• [Extracted entries]:

════

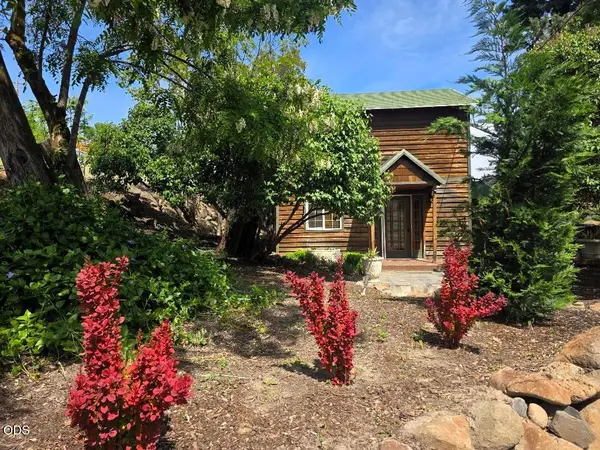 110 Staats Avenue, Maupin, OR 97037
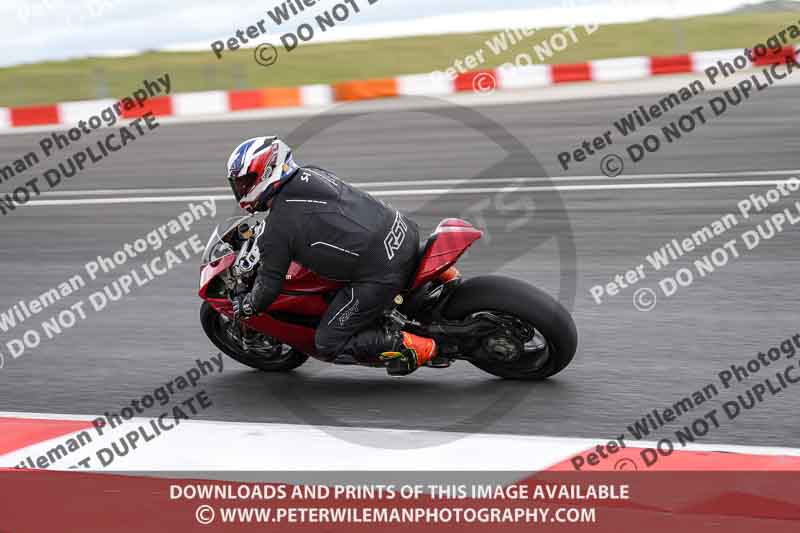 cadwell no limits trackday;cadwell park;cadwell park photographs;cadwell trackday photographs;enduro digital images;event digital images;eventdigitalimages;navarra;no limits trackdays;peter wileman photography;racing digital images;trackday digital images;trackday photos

════

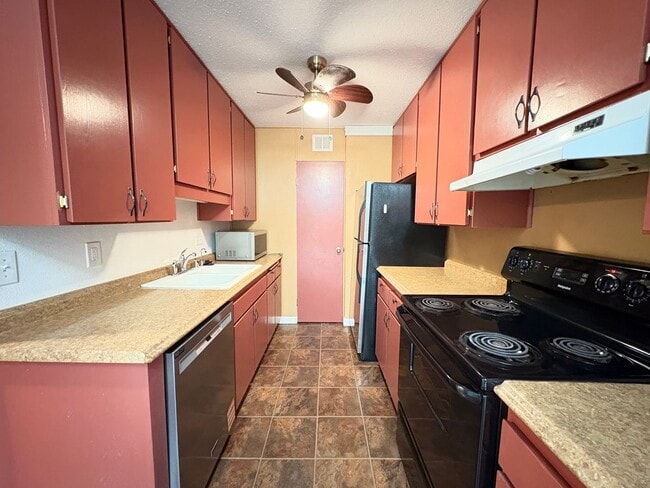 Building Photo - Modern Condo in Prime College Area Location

════

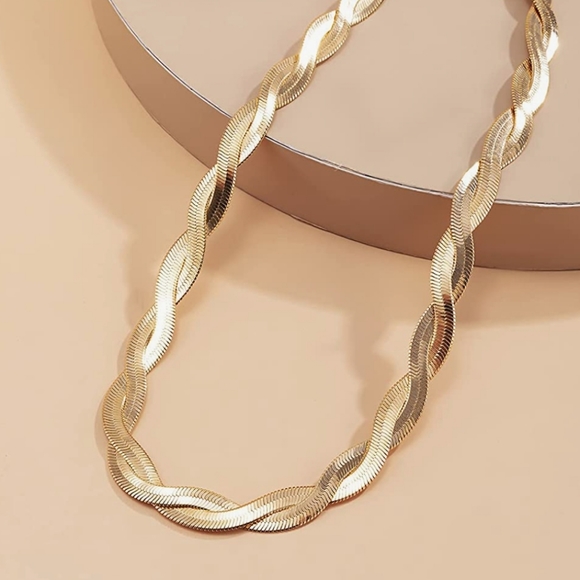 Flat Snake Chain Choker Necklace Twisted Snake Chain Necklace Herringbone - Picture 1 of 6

════

• [Try it]: Above are the records; please give again, exactly and in full, only the lines that run from the line with "110 Staats Avenue, Maupin, OR 97037" through the line with "cadwell no limits", with no pictures.

• [Completed exercise]:
 110 Staats Avenue, Maupin, OR 97037
 cadwell no limits trackday;cadwell park;cadwell park photographs;cadwell trackday photographs;enduro digital images;event digital images;eventdigitalimages;navarra;no limits trackdays;peter wileman photography;racing digital images;trackday digital images;trackday photos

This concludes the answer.